Es ahí cuando entra en escena el doctor Jonathan Banks (Jude Law), un ambicioso psiquiatra que, no conforme con su agotador trabajo en el hospital, también atiende en su consulta privada y se gana unos dólares extra como asesor farmacéutico. Todo para pagar un lujoso loft en el Soho y el oneroso colegio privado de su hijo. Ya se sabe: Nueva York es una ciudad muy cara. Pertenecer tiene sus privilegios, pero también requiere sus sacrificios. Después de tratar a Emily con una batería de drogas que no hacen sino empeorarla, Banks decide probar con ella un nuevo medicamento del laboratorio para el que casualmente trabaja y que promete ser una nueva panacea universal: Ablixa. La omnipresente publicidad de Ablixa por todo Manhattan no sólo aporta una sensación pesadillesca, como si toda la ciudad viviera drogada. También da una idea de los poderosísimos intereses económicos que están en juego en la medicina contemporánea.

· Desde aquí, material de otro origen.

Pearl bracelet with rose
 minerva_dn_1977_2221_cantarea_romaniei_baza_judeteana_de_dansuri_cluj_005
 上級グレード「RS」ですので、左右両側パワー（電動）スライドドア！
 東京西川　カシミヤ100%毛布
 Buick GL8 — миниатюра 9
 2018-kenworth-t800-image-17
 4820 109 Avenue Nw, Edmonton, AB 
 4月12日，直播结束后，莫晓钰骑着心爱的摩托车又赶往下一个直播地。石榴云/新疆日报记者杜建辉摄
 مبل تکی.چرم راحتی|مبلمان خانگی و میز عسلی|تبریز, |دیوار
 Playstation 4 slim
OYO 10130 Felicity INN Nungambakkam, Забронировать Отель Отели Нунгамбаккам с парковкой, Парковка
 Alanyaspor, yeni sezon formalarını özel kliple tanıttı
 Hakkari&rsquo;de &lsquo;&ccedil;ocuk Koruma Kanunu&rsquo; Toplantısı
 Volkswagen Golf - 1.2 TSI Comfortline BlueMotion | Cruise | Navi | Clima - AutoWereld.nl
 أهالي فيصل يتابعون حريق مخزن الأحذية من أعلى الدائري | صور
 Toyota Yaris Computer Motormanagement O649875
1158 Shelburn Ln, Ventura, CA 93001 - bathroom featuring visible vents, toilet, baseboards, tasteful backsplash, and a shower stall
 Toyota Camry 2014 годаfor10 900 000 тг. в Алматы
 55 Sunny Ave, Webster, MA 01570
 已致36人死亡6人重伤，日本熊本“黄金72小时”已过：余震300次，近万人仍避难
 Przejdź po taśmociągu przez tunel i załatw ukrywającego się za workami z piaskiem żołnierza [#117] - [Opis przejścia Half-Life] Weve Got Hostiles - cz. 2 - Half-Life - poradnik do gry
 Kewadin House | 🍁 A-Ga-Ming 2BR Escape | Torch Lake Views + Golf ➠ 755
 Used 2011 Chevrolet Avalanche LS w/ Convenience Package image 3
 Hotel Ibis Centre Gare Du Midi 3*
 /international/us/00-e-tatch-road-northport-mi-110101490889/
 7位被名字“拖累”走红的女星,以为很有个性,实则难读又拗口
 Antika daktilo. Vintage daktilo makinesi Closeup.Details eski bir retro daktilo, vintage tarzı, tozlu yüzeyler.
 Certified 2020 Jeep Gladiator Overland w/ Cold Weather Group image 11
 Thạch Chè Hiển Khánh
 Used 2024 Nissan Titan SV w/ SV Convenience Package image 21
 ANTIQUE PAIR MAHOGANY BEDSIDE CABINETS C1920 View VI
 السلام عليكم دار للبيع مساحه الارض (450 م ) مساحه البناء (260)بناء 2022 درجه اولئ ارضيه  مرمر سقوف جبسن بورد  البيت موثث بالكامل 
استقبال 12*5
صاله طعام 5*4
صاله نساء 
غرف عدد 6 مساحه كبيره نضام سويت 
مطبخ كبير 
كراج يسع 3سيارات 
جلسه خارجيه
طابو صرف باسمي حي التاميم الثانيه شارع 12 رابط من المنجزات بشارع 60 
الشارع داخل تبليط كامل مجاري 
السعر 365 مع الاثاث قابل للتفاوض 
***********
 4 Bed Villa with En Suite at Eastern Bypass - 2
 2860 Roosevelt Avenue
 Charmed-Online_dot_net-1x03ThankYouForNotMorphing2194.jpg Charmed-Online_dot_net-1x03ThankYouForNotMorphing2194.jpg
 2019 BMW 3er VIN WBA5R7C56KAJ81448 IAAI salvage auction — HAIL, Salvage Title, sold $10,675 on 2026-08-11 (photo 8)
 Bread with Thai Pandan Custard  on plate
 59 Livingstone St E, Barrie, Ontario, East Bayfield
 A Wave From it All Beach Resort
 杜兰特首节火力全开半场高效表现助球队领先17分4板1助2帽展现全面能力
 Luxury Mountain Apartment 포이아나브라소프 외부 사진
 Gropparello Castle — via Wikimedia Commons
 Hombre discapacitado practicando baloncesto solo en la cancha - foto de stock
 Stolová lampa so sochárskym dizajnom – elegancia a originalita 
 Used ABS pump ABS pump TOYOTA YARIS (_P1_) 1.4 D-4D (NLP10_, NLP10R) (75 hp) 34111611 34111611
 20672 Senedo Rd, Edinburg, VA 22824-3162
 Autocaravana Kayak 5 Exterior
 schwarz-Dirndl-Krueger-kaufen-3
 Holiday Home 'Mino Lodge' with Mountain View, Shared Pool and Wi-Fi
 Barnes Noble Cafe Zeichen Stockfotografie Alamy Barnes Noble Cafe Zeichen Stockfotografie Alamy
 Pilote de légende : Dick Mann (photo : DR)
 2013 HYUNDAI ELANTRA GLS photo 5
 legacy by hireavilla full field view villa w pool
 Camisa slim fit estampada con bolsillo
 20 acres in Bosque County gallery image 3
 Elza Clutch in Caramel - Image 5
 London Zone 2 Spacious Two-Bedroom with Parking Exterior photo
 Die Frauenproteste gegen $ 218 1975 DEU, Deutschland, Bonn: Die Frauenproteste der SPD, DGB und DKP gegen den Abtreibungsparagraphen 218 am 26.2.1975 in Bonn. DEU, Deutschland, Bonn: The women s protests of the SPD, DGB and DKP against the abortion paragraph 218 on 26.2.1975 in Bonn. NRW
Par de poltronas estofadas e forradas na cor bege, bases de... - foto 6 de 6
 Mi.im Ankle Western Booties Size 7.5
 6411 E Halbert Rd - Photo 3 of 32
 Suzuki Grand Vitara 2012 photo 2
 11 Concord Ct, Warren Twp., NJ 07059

Cuando parece que el guión de Burns va a trabajar en esa dirección, vinculando violencia familiar con ambición corporativa y capitalismo salvaje, de pronto se desvía y empieza a complicarse con otros rumbos y personajes. Del pasado de Emily aparece la misteriosa doctora Victoria Siebert (Catherine Zeta-Jones), que parece guardar más de un secreto (¿Victoria’s Secret? ¿De allí viene el nombre de su personaje?), vinculado no tanto con la historia clínica de su paciente como con sus elecciones sexuales. Las vueltas de tuerca se suceden sin solución de continuidad, los villanos pueden pasar a ser víctimas y las víctimas villanos, con la posibilidad sin embargo de que no todo sea necesariamente así, porque tanto Burns como Soderbergh juegan con cartas marcadas y le hacen más de una trampa al espectador.
Más directa, menos ambiciosa, La traición (2012), uno de los últimos Soderbergh, protagonizado por la experta en artes marciales Gina Carano, probaba que cuando el director decidía divertirse era capaz de sacar agua de las piedras. Y, de paso, que podía hacer una película feminista con un material dirigido a priori al público masculino. Mientras que uno de los efectos colaterales de Side Effects es que no va a faltar quien acuse –con toda justicia– a su película de despedida de misoginia en primer grado.